Records for the task:
──────────────────────────────

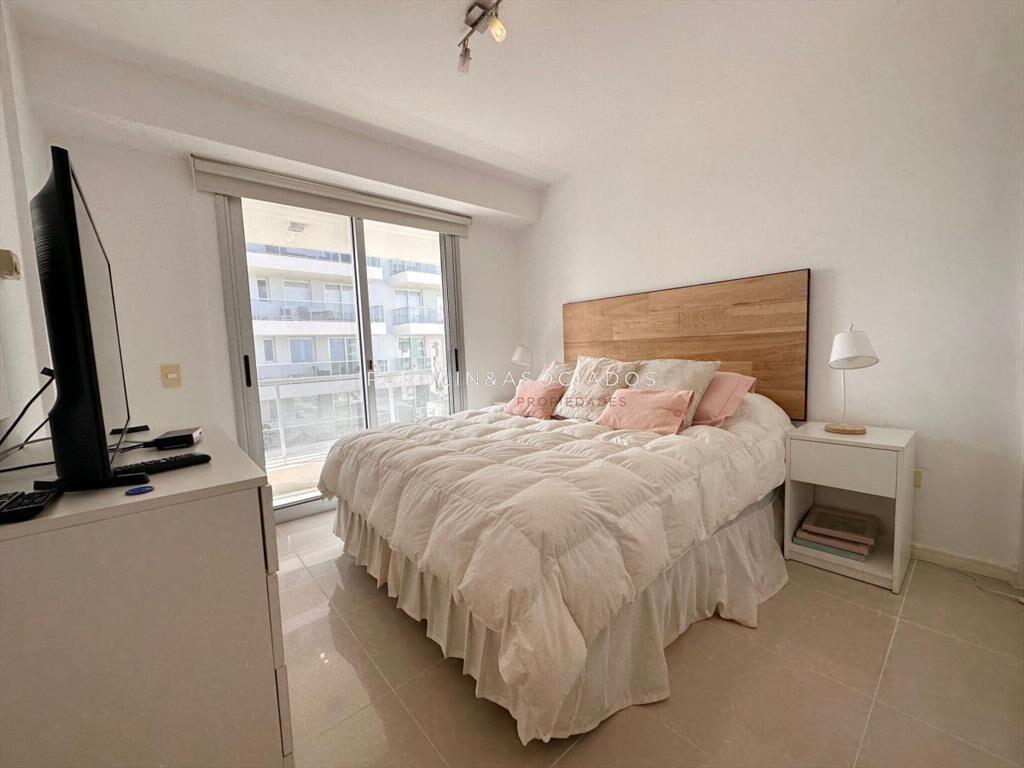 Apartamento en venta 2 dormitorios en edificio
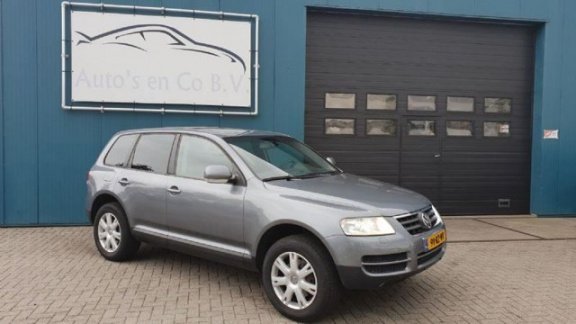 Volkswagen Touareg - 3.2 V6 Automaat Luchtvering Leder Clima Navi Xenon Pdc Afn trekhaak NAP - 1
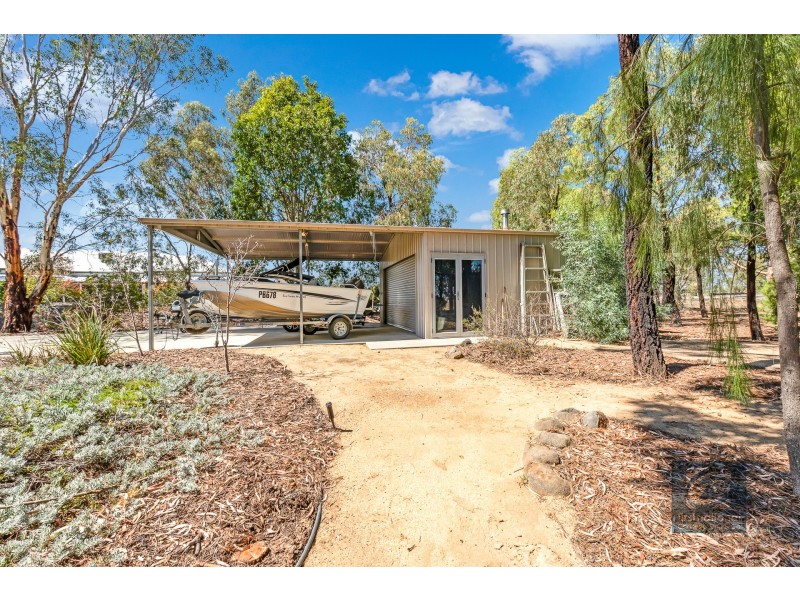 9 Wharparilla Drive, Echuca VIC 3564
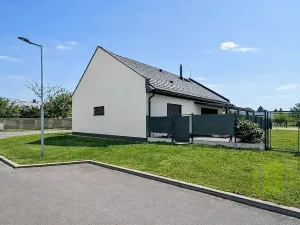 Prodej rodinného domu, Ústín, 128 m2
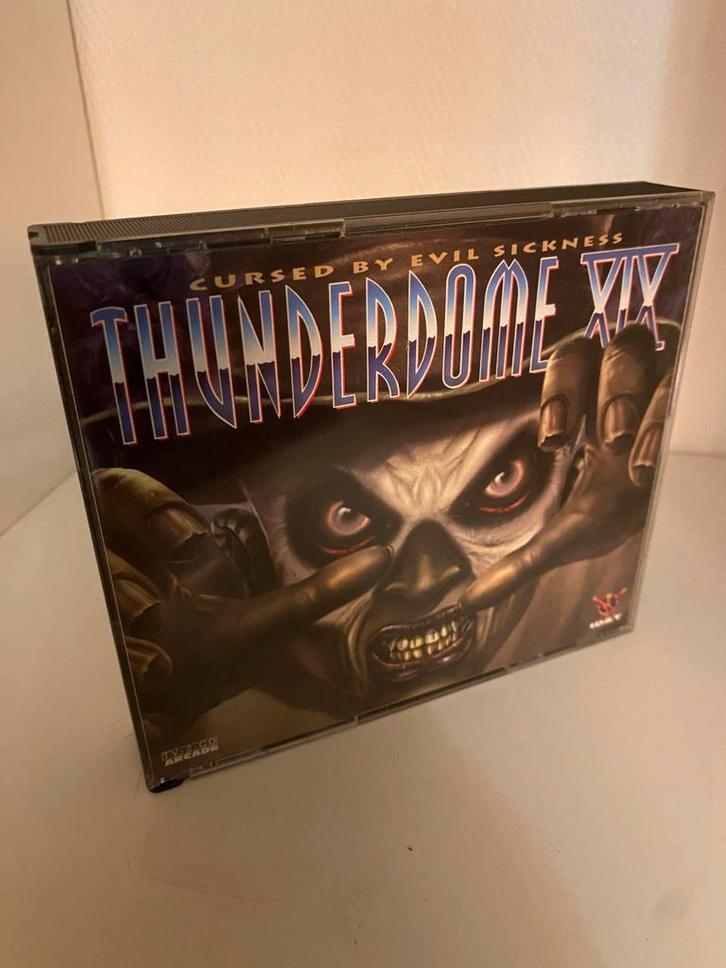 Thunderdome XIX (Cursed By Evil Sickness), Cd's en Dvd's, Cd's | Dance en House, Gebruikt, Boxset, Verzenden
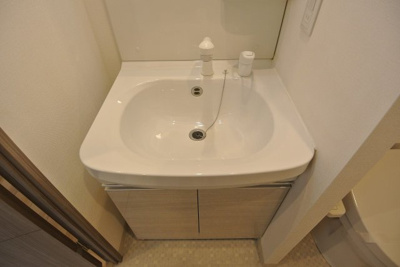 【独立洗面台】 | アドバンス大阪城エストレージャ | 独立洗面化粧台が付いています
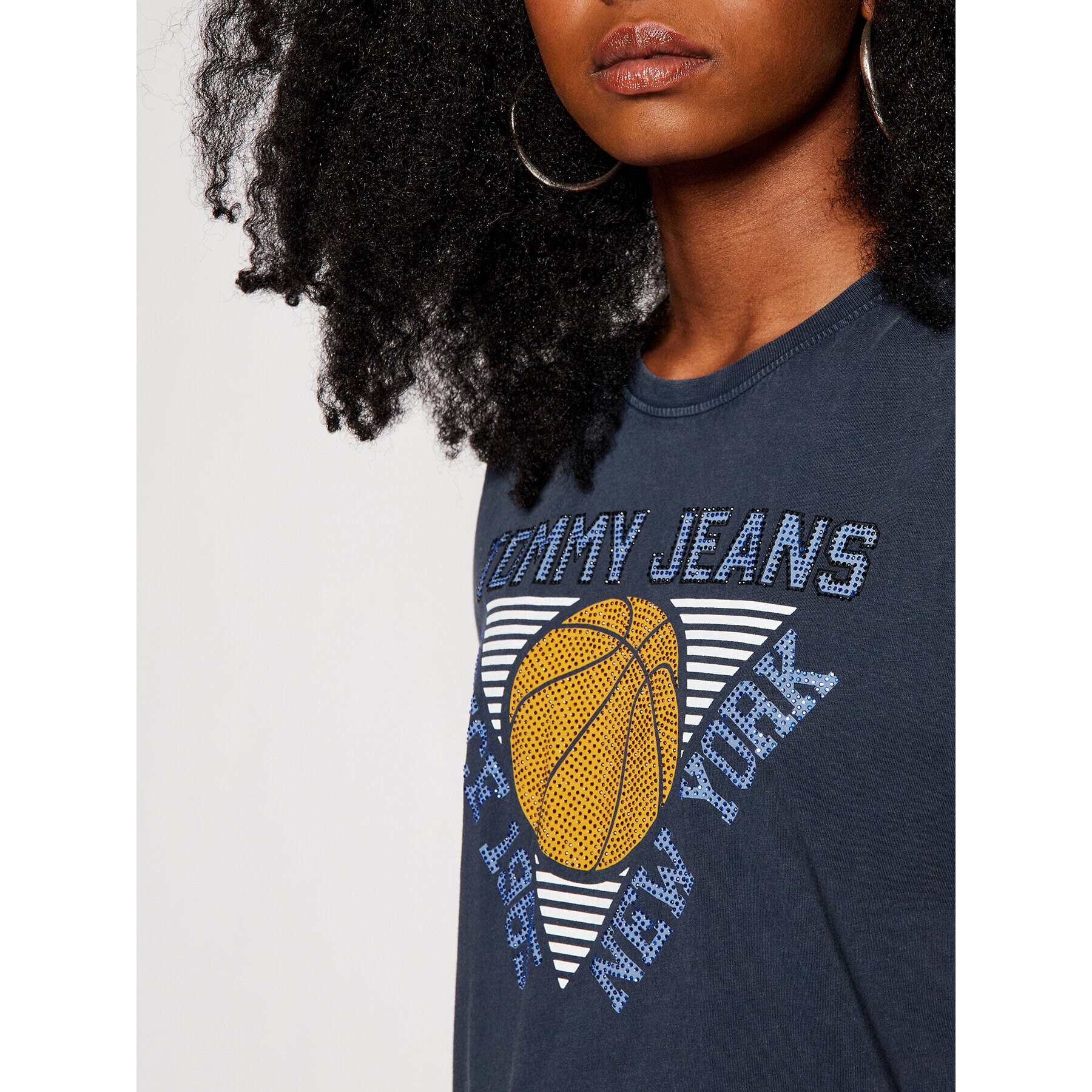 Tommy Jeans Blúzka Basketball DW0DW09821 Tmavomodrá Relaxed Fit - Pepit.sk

──────────────────────────────

All lines from the one containing "Thunderdome XIX (Cursed" through the final line of the entries above must be restated word for word, pictures excluded.

 Thunderdome XIX (Cursed By Evil Sickness), Cd's en Dvd's, Cd's | Dance en House, Gebruikt, Boxset, Verzenden
 【独立洗面台】 | アドバンス大阪城エストレージャ | 独立洗面化粧台が付いています
 Tommy Jeans Blúzka Basketball DW0DW09821 Tmavomodrá Relaxed Fit - Pepit.sk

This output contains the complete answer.